[Records from a dataset]
# # # # # # #
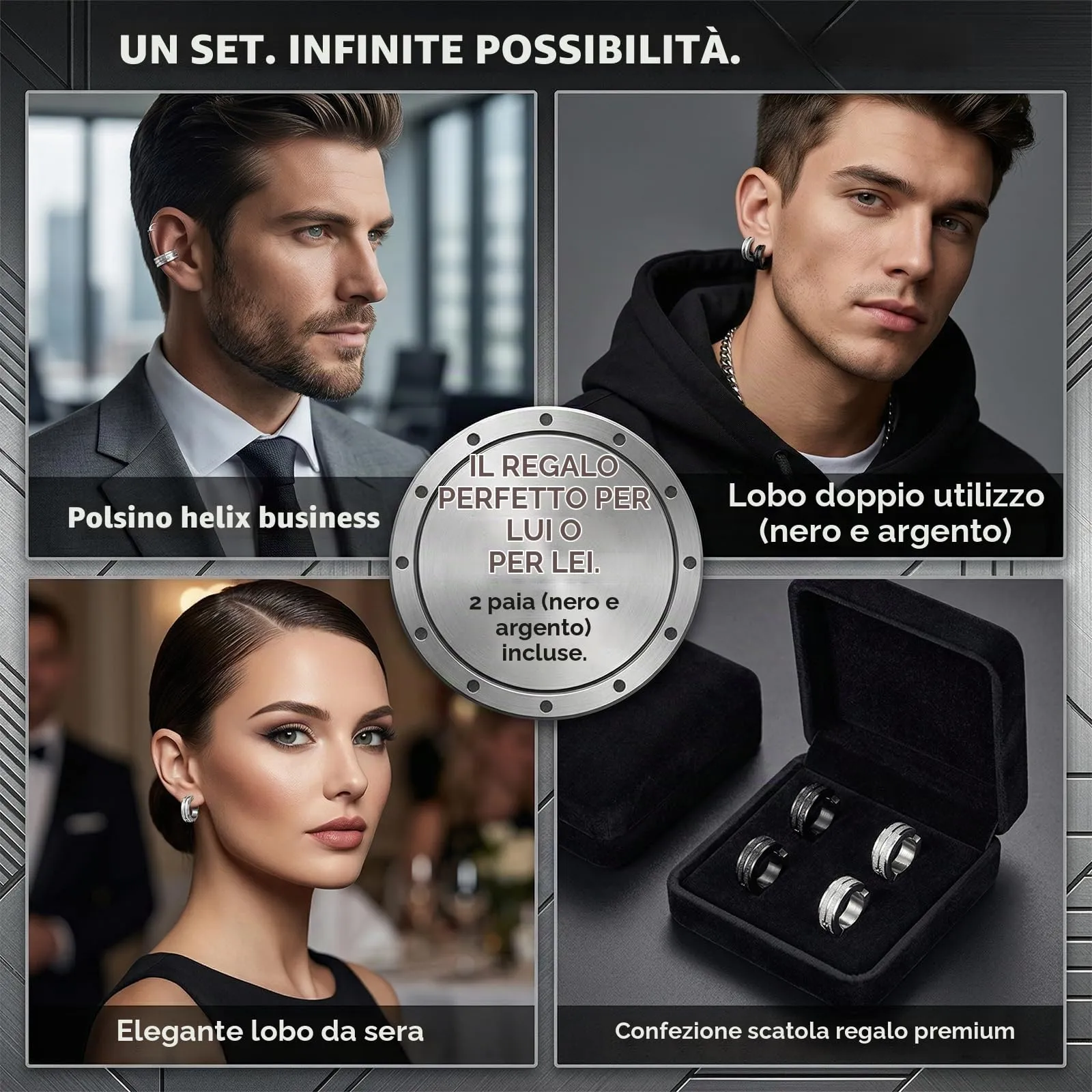 XENQITO 2 Paia Orecchini uomo, Orecchini da Uomo Donna in Acciaio Inossidabile,Clip Senza Buco Inossidabile cerchi orecchini non piercing clip in acciaio, Senza - immagine 6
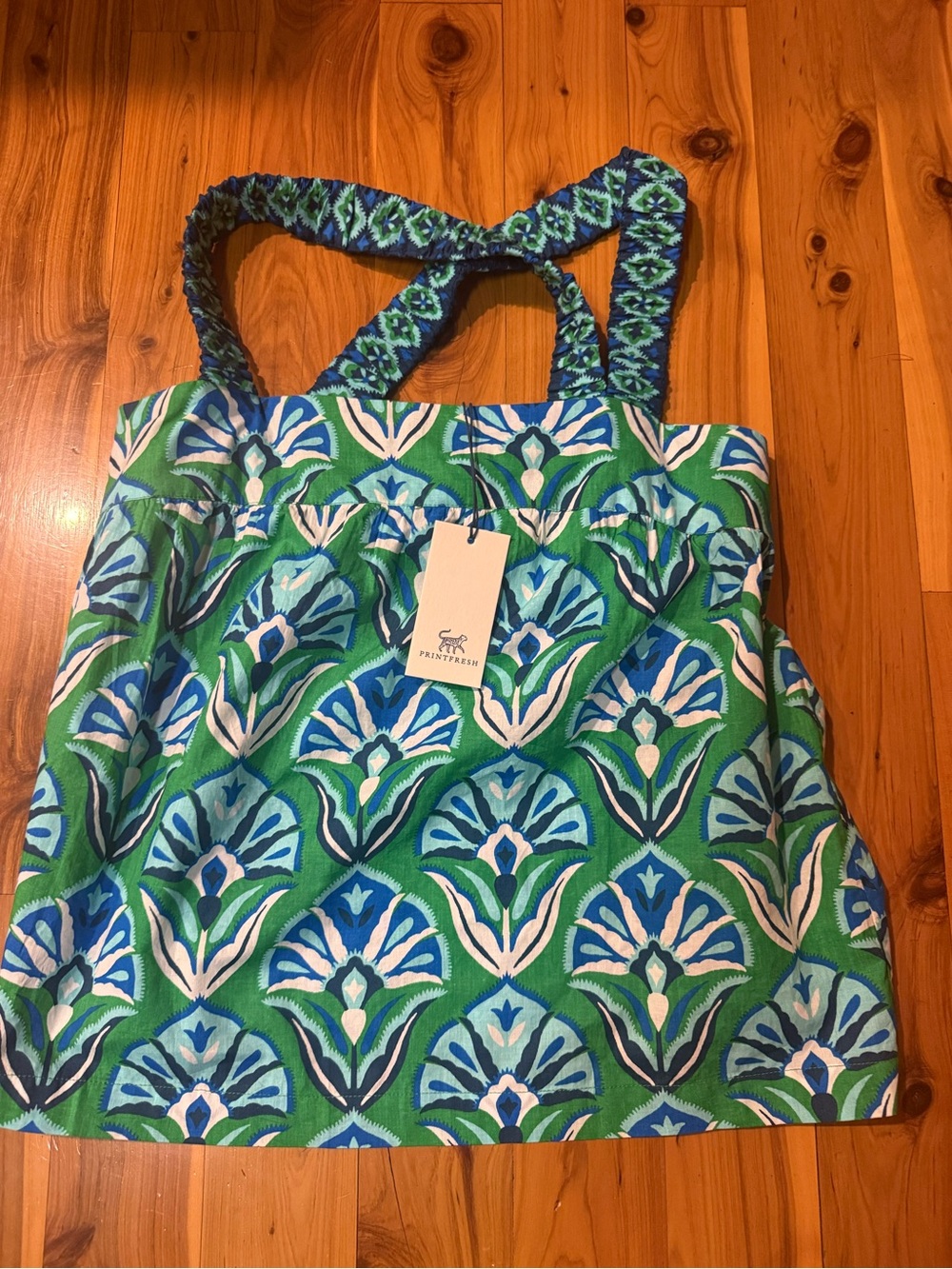 NEW⭐️ Printfresh Mila Top Geo Floral Green Juice $128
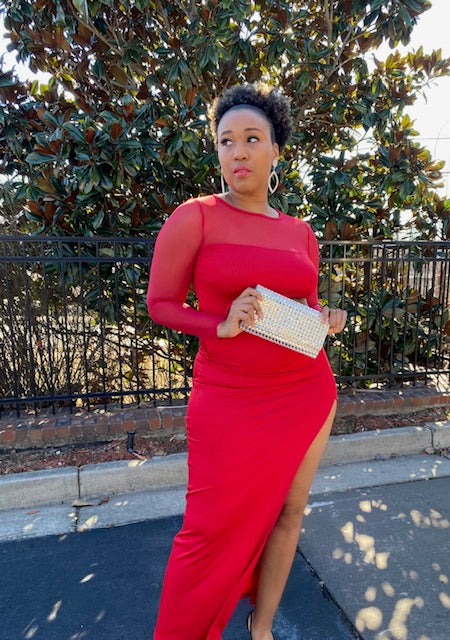 Sexy Lady In Red Dress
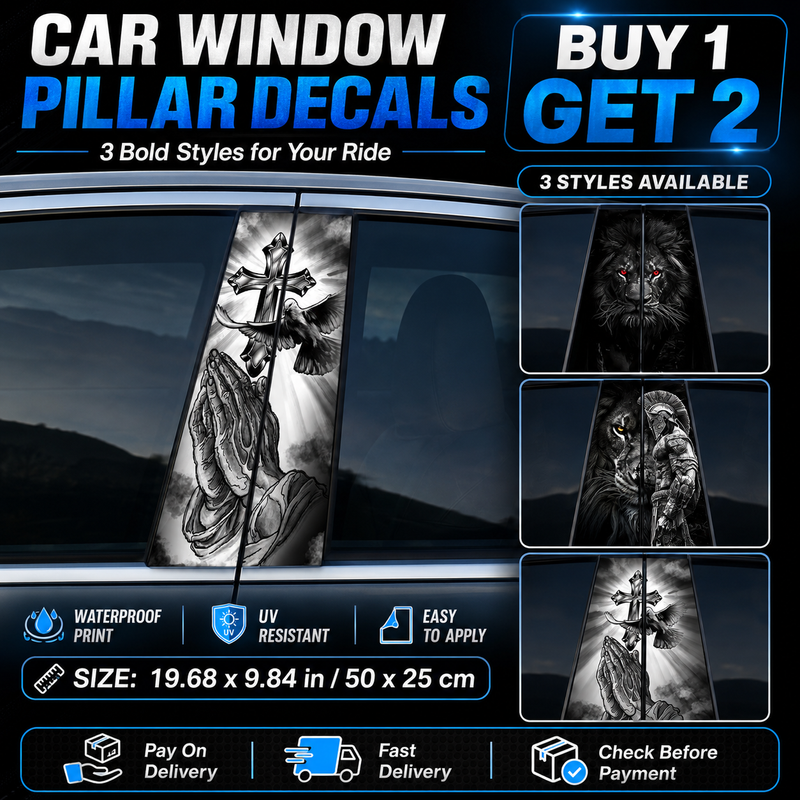 🚗 Buy 1 Get 2 | Car B-Pillar Sticker Window Trim Decal Anti-Scratch Protective Film for Door Pillar Decoration | COD Free Shipping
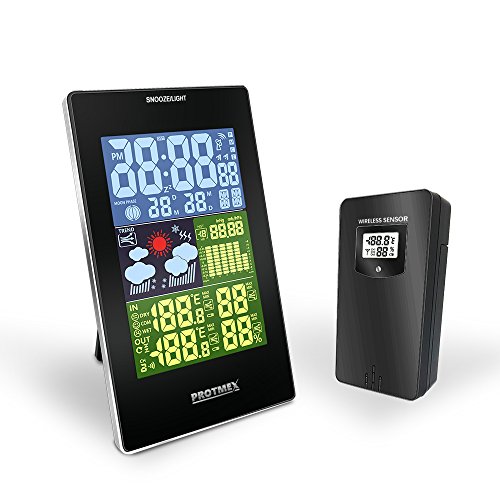 Protmex EM3352C Multifunktion Kabellos Wetterstation Uhr Vorhersage Station Digitales Thermometer Mit Innenraum Draussen Temperatur Feuchtigkeit Sensor Bunt LCD Bildschirm Mit Barometer Snooze Mond Phase DCF-Funk-Zeitanzeige
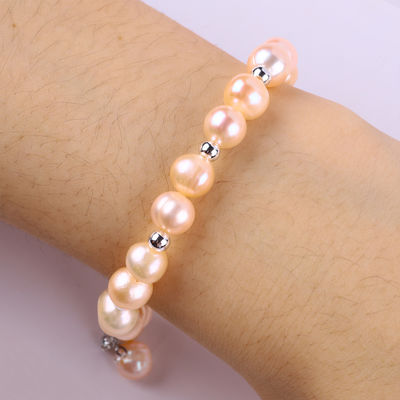 7mm Pink Pearl Stretch Armband mit weißer Schale Akzeptieren Sie Anpassung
# # # # # # #
### Instructions for the task
What are the lines from the one containing "COD Free Shipping" through the end of the records? Write them out exactly, leaving out the pictures.

### Result of this exercise
 🚗 Buy 1 Get 2 | Car B-Pillar Sticker Window Trim Decal Anti-Scratch Protective Film for Door Pillar Decoration | COD Free Shipping
 Protmex EM3352C Multifunktion Kabellos Wetterstation Uhr Vorhersage Station Digitales Thermometer Mit Innenraum Draussen Temperatur Feuchtigkeit Sensor Bunt LCD Bildschirm Mit Barometer Snooze Mond Phase DCF-Funk-Zeitanzeige
 7mm Pink Pearl Stretch Armband mit weißer Schale Akzeptieren Sie Anpassung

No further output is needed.